世界最大級の写真イベント【PARIS PHOTO パリフォト2019】 レポート
日がすっかり短くなり、早くも冬の気配が漂う11月のパリ。
一年で一番苦手な気の滅入る季節というパリっ子が少なくない時期だが、世界最大級の写真イベント【PARIS PHOTO(パリフォト)】が、沈みがちな気分を盛りたててくれる。
世界中から名門写真ギャラリーが集い、自慢の写真家たちの作品を発表し売買するこのイベント。今年の一般公開は去る7日から10日までの4日間で、各国の美術館関係者や写真コレクターをはじめ、純粋に写真好きの老若男女が詰めかけ、会場のグラン・パレは熱気に包まれていた。
回を重ねて今年で23回目となるこのイベント。年々右肩上がりで発展を続けていて、出展した写真ギャラリーも出版社の数も昨年を上回り、期間中の入場者数は70598人と、昨年からさらに2.5パーセント増を記録した。
ガラス屋根のパリのモニュメント的な建物、グラン・パレを埋め尽くす写真、写真、写真。スタンドをすべてくまなく回ろうと思えば、丸一日かける覚悟が必要だ。写真はそれぞれの出展者がセレクションしているので千差万別。一昨年にもここで書いたが、パリフォト初期の頃には、よくいえばインパクトの強い、悪く言えばちょっと脅かしの入ったようなグロテスクな作品の存在感が強く、それを写真草創期の19世紀後半から20世紀前半のセピア色のヴィンテージブリントが癒してくれていたような印象だった。
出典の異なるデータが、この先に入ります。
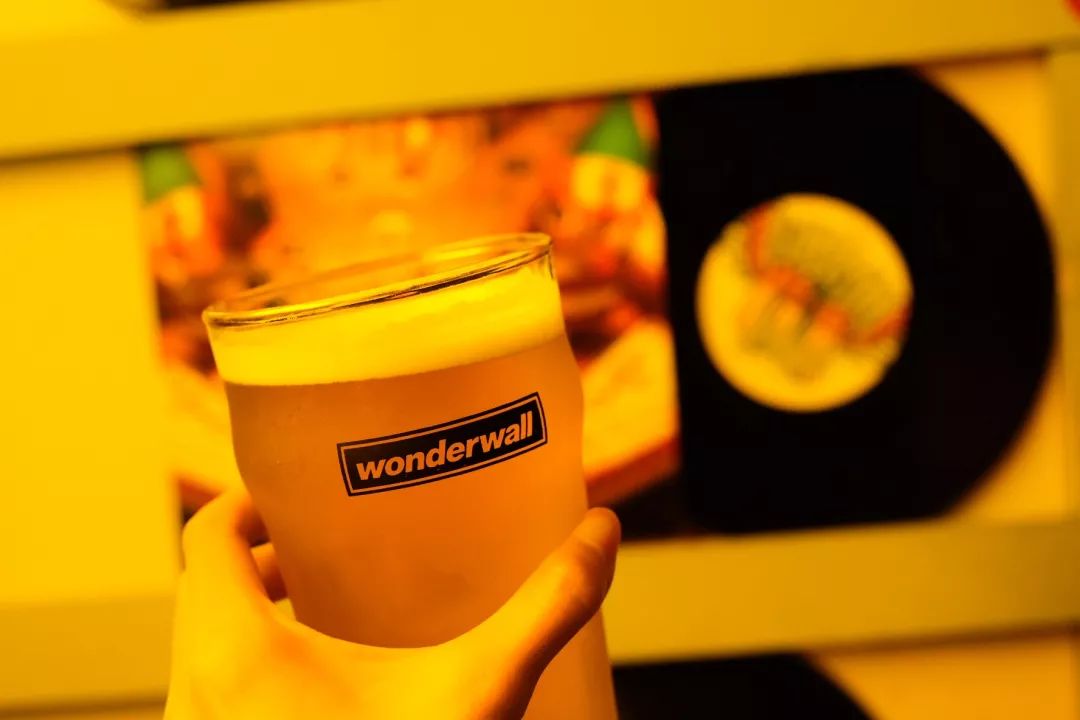 北京私藏酒馆,北京一间隐藏酒馆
だが、このところは現代作家の作品がどんどん充実してきているように思う。もちろん現代の写真と言っても、ありとあらゆる表現世界があるのだが、パリフォトに集まる作品を概観すると、その時の時代の気分のようなものが反映されている印象を受ける。
筆者があえて今年のキーワードを2つ挙げるとすれば、「地球」と「女性」。
人類の月面着陸から50年目、エクステンション・リベリオンの活動が目覚ましい今年。地球、自然というテーマに写真家たちが向かい、ギャラリーもまたそういった作品により関心を向けていたことが感じられる。また、「女性」は被写体として、いや写真が生まれる前の絵画の時代からずっと永遠のテーマである。今年の場合、Me Tooムーブメント以来の傾向だろうか、例年に比べて裸体は少ないような感じで、むしろあらゆる肌の色の女性たちをファッション性も伴って美しく表現した作品が目を引いた。今回のポスターに採用された写真もアーティスティックなヘアスタイルの黒人女性だったし、ウイリアム・クラインの大判作品、そして写真集のセクションでは、ピーター・リンドバーグが撮ったディオールの女性たちなど、一般にも馴染みのあるビッグネームの展示に注目が集まっていた。
百聞は一見にしかず。今年のパリフォト会場での数点をお目にかけよう。
さてこのイベント、来年には初めてニューヨークでの開催が予定されている。会期は4月2日から5日。
ますます世界規模になってゆくパリフォト。写真マーケットの伸びしろがまだまだあることを物語っているようだ。